At its agricultural peak, Temple was a sheep-farming town. Three-quarters of it was clear, and only a quarter forested. When I first saw this area about three and a half decades back, the reverse might have been true. A born Midwesterner, that percentage seemed stingy to me. I remember the deep pleasure of coming home over Porter Hill Road and reaching Brackett’s field with its long view west to Mount Blue. I’d breathe in the space, as if I could store up the air and use it to blow back the trees when I felt closed in.
I’ve changed. I find the woods more peaceful and calming now, like being wrapped in a favorite old sweater. And it’s a good thing, because many of the views I cherished in those first years have disappeared. Spaces have closed up, fields have crept closer to the old houses, and few rooflines meet the clear sky.
But prowling the local byways with Al does more than just remind me of these changes. It makes me look at everything freshly. Al is not only looking at things, he is looking just as intently at the spaces between those things.
I had another painter friend who worked for many years on the Maine coast. He would paint a picture of a beach full of gray stones, but in his painting each stone would be painted a separate color. The beach became an unlikely rainbow. The thing is, when you look at his paintings for a while and then go back to the beach, the beach is different. It is not just plausible that there is color in the rocks, but you enter into the joy of the painter’s vision, and that simply becomes the way it IS. You see it everywhere you look.

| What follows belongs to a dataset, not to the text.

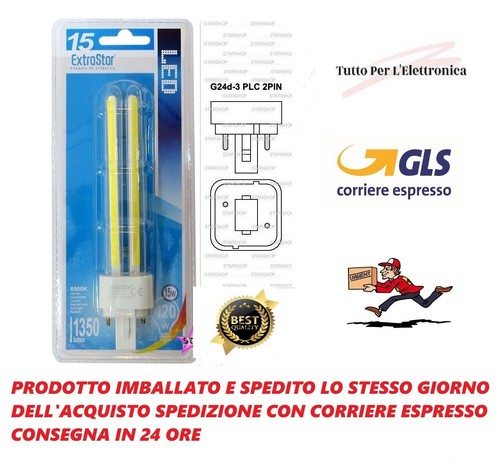 Lampadina led g24 15w luce - g24,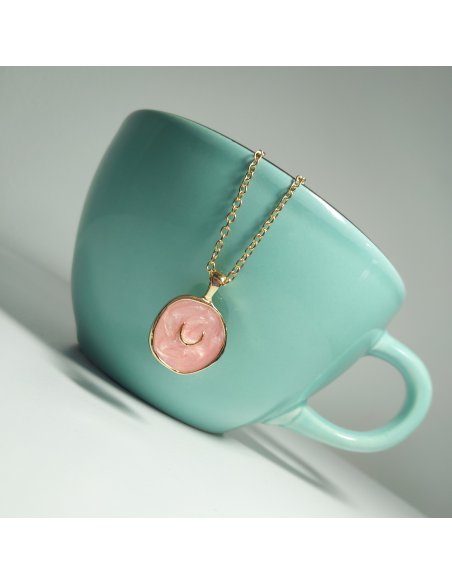 Collar Rustico Luna Rosado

That is the artist’s role: to make you see the world in a new way. Al’s painting insists that the objects we take for granted – a house, a shed, a clear patch of lawn – be seen for their pure structure, not their sentimental meaning. The spaces in between become things too, creating power and movement. Does the lawn flow toward you in front of those rectangles and triangles that are a house, or does it curve around behind and disappear? The single plane of that piece of paper he is painting on becomes multiple intersecting planes, and you feel that he is kneading below the soft surface we so often content ourselves with to find the very skeleton of our surroundings.
Try it for a while. Stop looking at things and look at the shapes of the spaces between. Don’t look at shadows as shadows, but as shapes. Look at what’s in front and what’s behind, at how sharply the angles intersect and how the soft roundness of foliage plays against those angles. Then see what happens to your view of ordinary things.
Just let someone else drive while you’re looking!